__REQUIREMENT__: The whole listing, please: repeat it exactly, with the pictures left out.

__DATA__:
——————

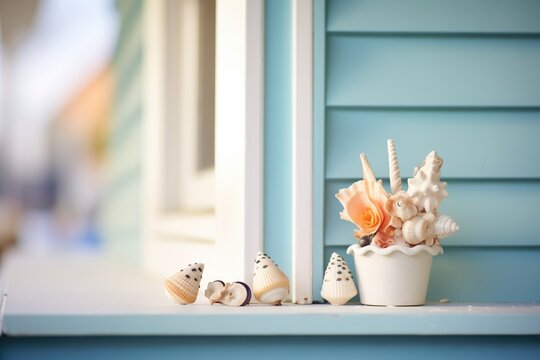 closeup of pastel blue cottage with seashells on window sill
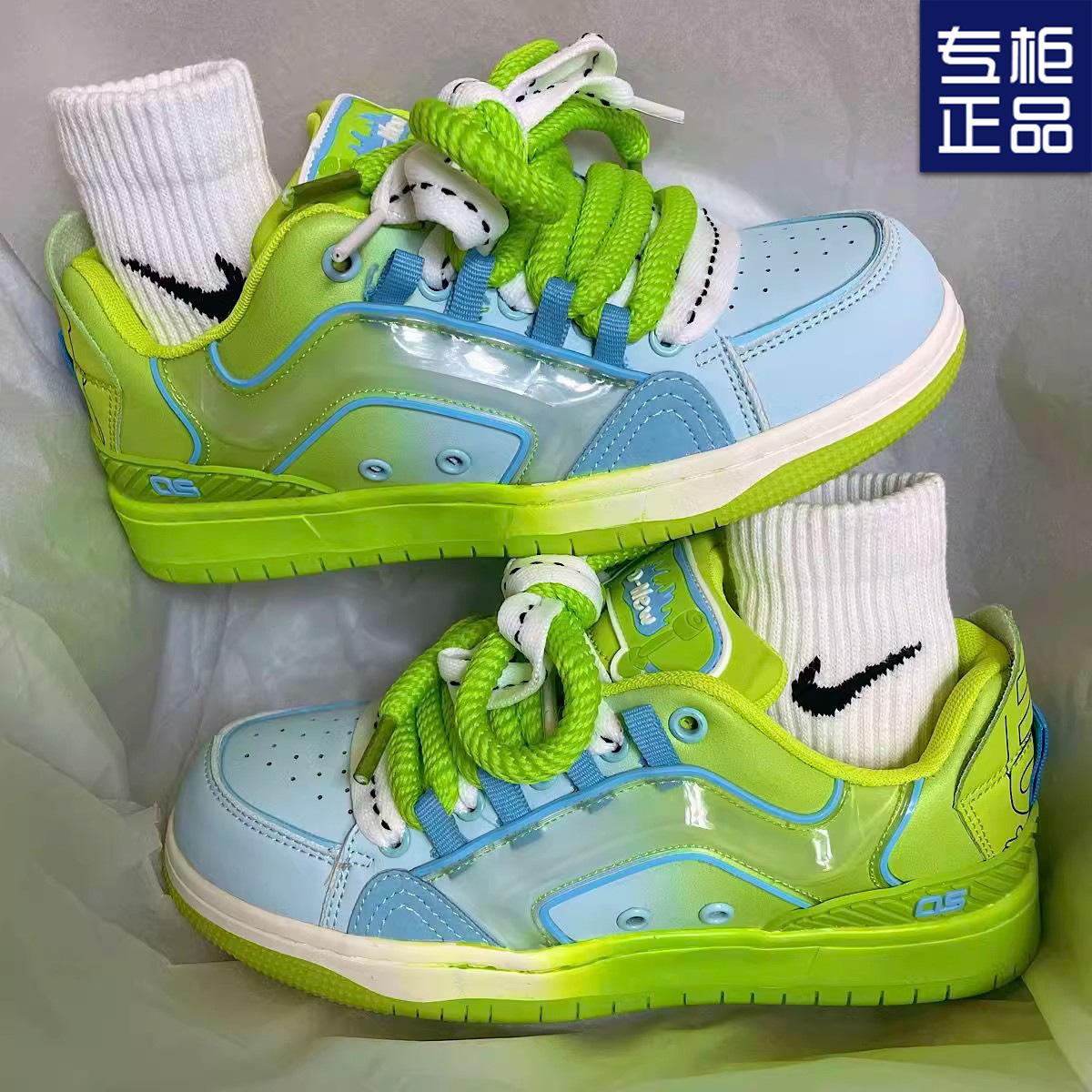 

Mandarin duck shoes 2025 new popular skateboard shoes niche design dopamine couple casual sports shoes men and women tide 35 зелёный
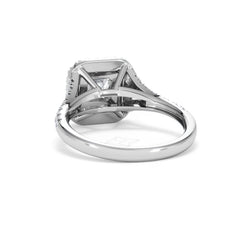 Cleopatra Diamond Halo Engagement Ring 18K White Gold 1.20ct G/SI2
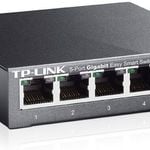TP-Link TL-SG105E 5-Port Gigabit Desktop Easy Smart Switch, 5 10/100/1000Mbps RJ45 Ports, MTU/Port/Tag-based VLAN, QoS, IGMP Sno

——————

__COMPLETED EXERCISE__:
 closeup of pastel blue cottage with seashells on window sill

Mandarin duck shoes 2025 new popular skateboard shoes niche design dopamine couple casual sports shoes men and women tide 35 зелёный
 Cleopatra Diamond Halo Engagement Ring 18K White Gold 1.20ct G/SI2
TP-Link TL-SG105E 5-Port Gigabit Desktop Easy Smart Switch, 5 10/100/1000Mbps RJ45 Ports, MTU/Port/Tag-based VLAN, QoS, IGMP Sno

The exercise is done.